20 January 2012
Happy new year to the University of the Year
As a new calendar year gets underway, it seems a good time to write to staff to share something of my thoughts about the year ahead, and to consider whether we have cause for optimism or reason for concern.
Over recent months we have worked closely with departments and with students to prepare for 2012 and a new era in undergraduate funding and many other new government policies. What will this mean for the University of Sheffield now these changes are upon us, what further changes are in the pipeline, and what of our own ambitions?
As it happens, we have begun the year in an auspicious way. As you will all be aware, the Times Higher Education (THE) chose to name us their University of the Year. This is of course a judgement call to some extent, but based on solid achievements.

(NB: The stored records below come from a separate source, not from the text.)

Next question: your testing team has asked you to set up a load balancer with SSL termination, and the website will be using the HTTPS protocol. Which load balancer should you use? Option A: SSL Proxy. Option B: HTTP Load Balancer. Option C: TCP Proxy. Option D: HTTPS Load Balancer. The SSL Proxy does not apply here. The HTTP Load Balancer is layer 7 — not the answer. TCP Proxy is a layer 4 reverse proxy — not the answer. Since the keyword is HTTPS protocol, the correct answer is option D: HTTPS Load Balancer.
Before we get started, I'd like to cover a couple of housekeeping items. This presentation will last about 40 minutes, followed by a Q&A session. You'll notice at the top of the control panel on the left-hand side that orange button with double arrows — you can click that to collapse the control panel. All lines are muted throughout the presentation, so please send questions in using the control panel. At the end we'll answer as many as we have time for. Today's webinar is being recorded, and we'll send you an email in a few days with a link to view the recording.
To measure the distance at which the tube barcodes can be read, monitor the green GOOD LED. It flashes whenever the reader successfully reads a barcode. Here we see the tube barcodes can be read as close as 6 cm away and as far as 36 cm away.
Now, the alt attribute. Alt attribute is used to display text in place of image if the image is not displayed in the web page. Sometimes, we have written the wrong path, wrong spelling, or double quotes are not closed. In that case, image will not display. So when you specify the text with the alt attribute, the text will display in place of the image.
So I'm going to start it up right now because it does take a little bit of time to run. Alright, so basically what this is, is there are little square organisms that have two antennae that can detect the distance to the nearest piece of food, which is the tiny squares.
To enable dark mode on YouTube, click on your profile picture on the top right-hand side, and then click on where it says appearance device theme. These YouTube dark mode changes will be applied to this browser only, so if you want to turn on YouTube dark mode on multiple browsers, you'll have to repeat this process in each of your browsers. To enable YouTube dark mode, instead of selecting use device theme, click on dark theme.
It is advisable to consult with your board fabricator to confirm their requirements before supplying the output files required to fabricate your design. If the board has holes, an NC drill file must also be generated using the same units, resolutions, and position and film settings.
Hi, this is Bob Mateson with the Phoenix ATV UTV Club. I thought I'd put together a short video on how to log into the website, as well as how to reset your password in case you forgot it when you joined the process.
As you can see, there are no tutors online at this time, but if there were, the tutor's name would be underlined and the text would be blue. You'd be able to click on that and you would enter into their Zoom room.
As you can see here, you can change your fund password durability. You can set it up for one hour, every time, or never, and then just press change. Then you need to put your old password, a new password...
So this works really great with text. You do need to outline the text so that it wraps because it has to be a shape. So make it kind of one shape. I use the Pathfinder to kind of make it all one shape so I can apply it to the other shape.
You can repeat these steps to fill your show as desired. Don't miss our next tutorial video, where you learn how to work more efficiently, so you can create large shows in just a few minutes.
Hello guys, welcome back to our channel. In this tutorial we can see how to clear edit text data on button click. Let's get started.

Judges who visited us saw for themselves, I believe, something of the spirit of Sheffield. They did not watch formal presentations in imposing settings – instead we wanted them to see the real passion of our own staff and students to make a difference to the world around us.
Like senior civil servants from the Department for Business, Innovation and Skills who visited the University this week, the THE judges visited the Advanced Manufacturing Research Centre, based just off the M1 on the former Orgreave Colliery site. There they heard from local companies and an 18 year-old apprentice of the profound impact we are having on the region´s manufacturing strength and ambitions.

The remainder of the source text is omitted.